Data, computation and persistence

When thinking about systems these days I often start with three core questions.

What is the data like that the system will manage, use and emit to other systems?

What kind of computations the system needs to make with or based on the data?

How to persist data and state of calculations?

I started to ask these questions while programming with Clojure, but I continue asking the same questions while programming in other languages and environments.

These questions have helped me think about what the planned system could be and what the interplay of answers between these three questions is.

Let me elaborate.

Data

Starting with the data is a no-brainer, but how you think about the data can affect the two other components: how you do computations with the data and how that data is persisted into some storage.

It is tempting to start to think about data constantly in terms of a highly normalized relational database model. Still, there are domains and problems where the data needs to be accessed through other not-so-conventional models.

Hence it is good to keep the conceptual and logical or physical data models separate while you are still figuring out what the system will be like.

Computations

Depending on what kind of computations I want to do with the data, I might want to model actual data structures differently. Am I looking at discrete records or facts, a larger graph, or a stream of events to make sense of the world with a computation? What is the model through which I can solve and get the answer to the computation?
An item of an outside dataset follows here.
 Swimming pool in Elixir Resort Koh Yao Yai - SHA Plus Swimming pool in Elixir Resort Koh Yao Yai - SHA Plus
If all I have are filter, map and reduce - I will look at the problem and data models needed through that lens. But if I have a larger tool chest, I might approach the problem differently. For example, do I have a problem that could be solved efficiently with an optimization tool, graph engine or logic programming tool?

Persistence

How I model the data and what kind of computations I want to do with it then naturally affect the persistence model of the data into some storage system.

Modern relational databases are awesome, and PostgreSQL is often the right answer. But there are situations where you could benefit from something else: XTDB, Kafka, Redis, S3, DynamoDB or something else.
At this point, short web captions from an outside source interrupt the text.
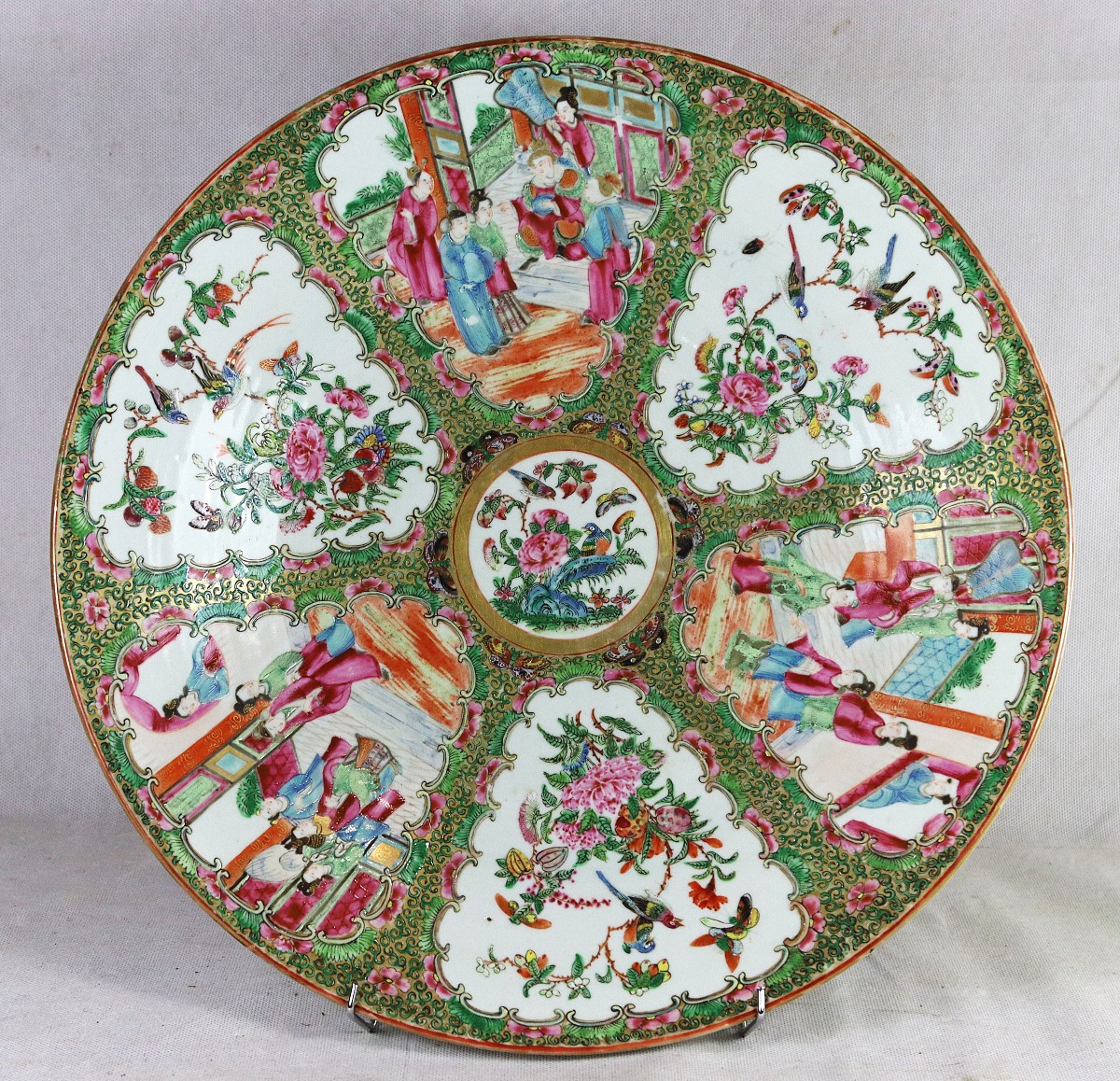 China 19th Century, Large Canton Porcelain Dish.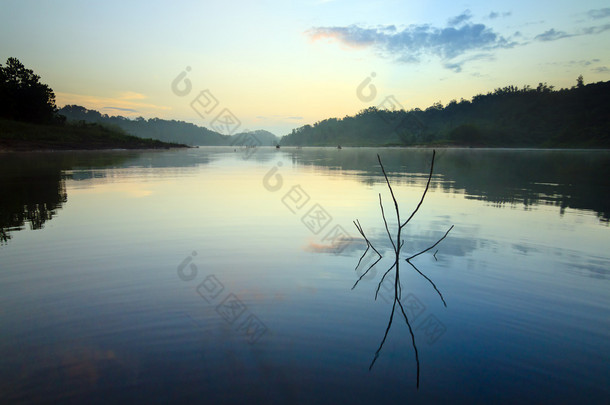 日出在马来西亚婆罗洲沙巴，湖的思考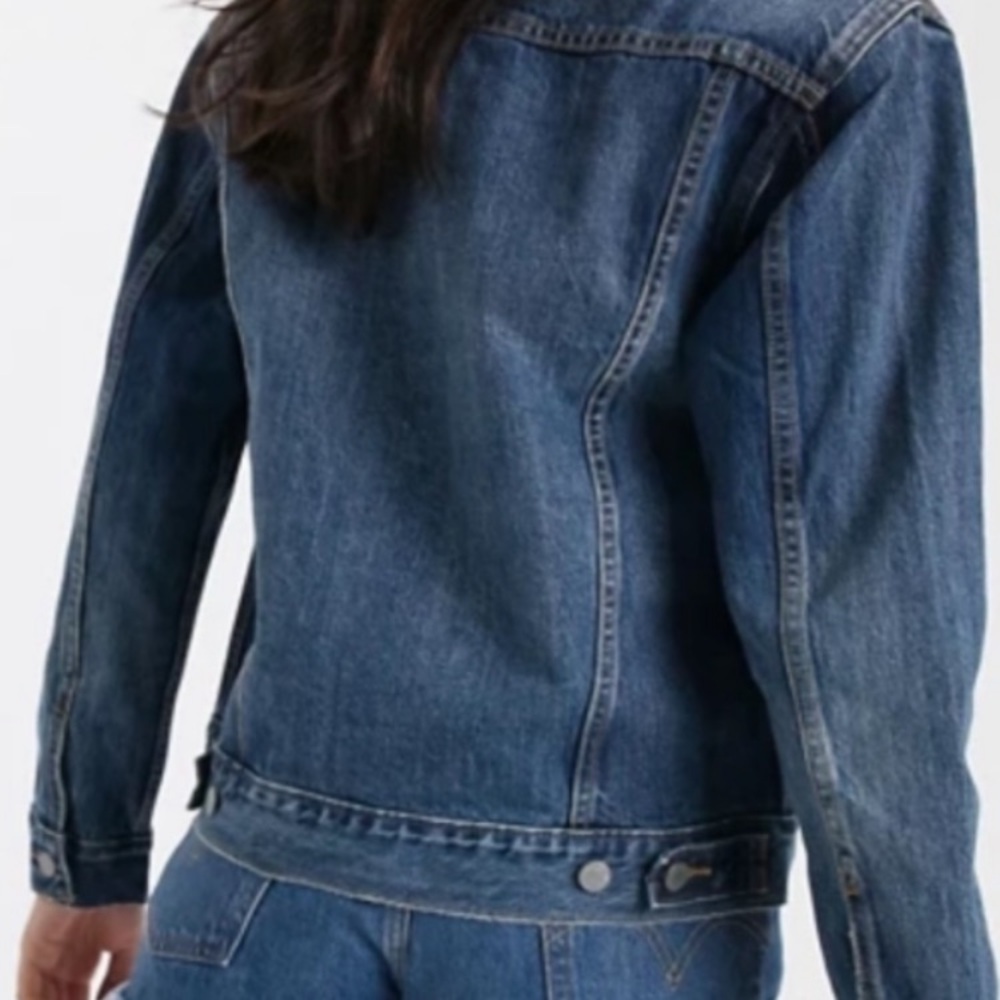 Levi's relaxed boyfriend xs Denim Jacket for Women fits big - Picture 3 of 13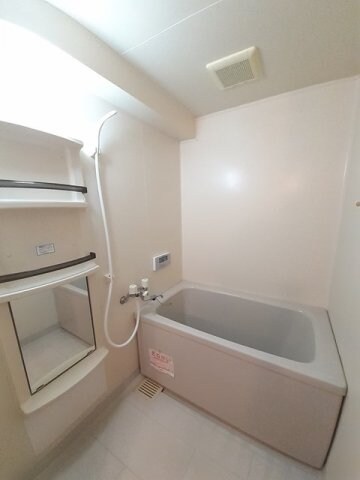 物件内観写真11　(コンパクトで使いやすいお風呂です)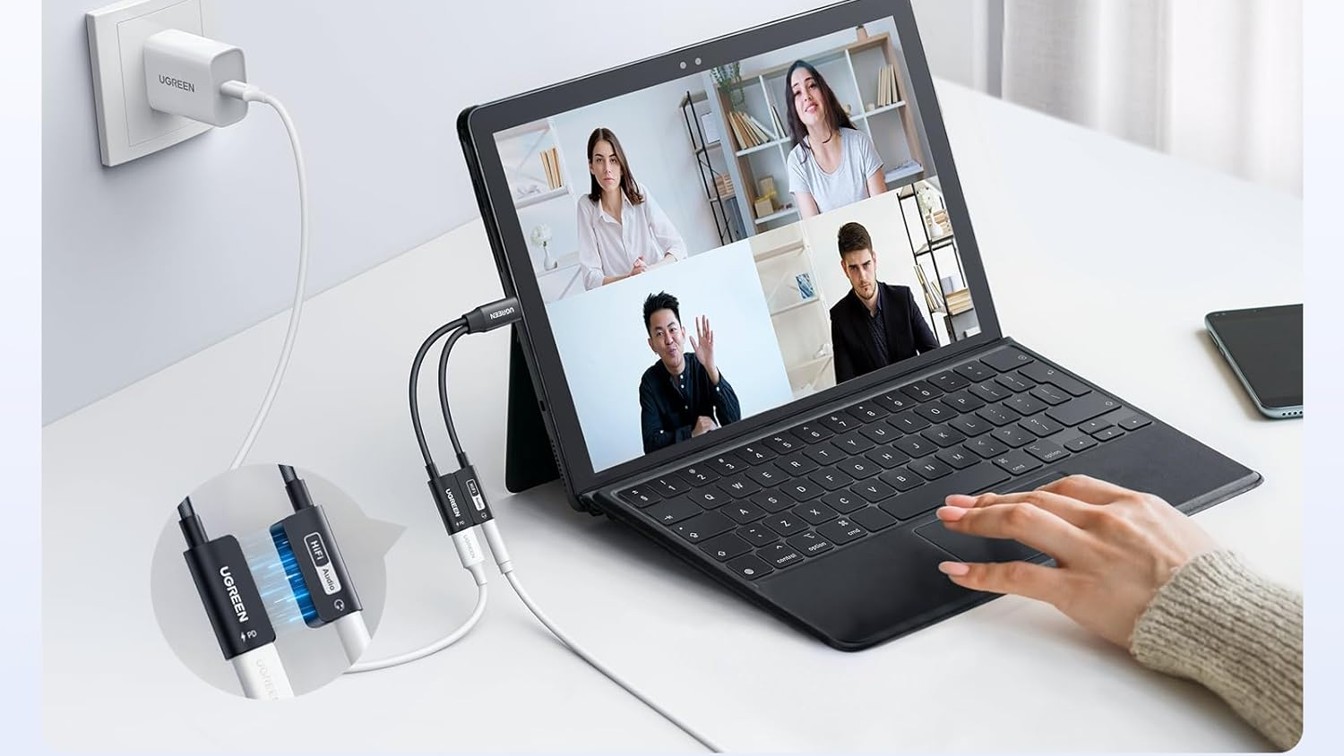 Need wired headphones and charging at once? This UGREEN adapter is 26% off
Similarly, selecting the persistence mechanism and style affects what computations or parts of the computation I can and should offload from the application code to the persistence engine or persistence subsystem.
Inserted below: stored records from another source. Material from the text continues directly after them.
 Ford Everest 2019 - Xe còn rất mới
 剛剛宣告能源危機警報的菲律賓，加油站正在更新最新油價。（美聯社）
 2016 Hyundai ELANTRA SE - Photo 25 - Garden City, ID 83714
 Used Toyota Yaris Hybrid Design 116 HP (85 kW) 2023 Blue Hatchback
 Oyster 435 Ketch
Object storage like S3 or even a filesystem can be a perfect persistence mechanism when you can structure data intelligently and use query mechanisms like S3 select or grep and jq to answer your business questions.

My main goal: countering my biases

There are many other viewpoints and questions that I need to think about and use when designing systems and thinking about what we are trying to solve. Still, these three questions provide me with an excellent safeguard for not jumping to a simple but wrong conclusion too early.

Some programming environments and tools make it easy to solve certain problems in a certain way, and in the end, they can significantly affect how you try to approach a business problem. And no matter how smart you are, you can still fall into a silly trap set by abstractions if you do not think things through.

Ultimately, I don’t want the tail to wag the dog unless I consciously choose it to be so.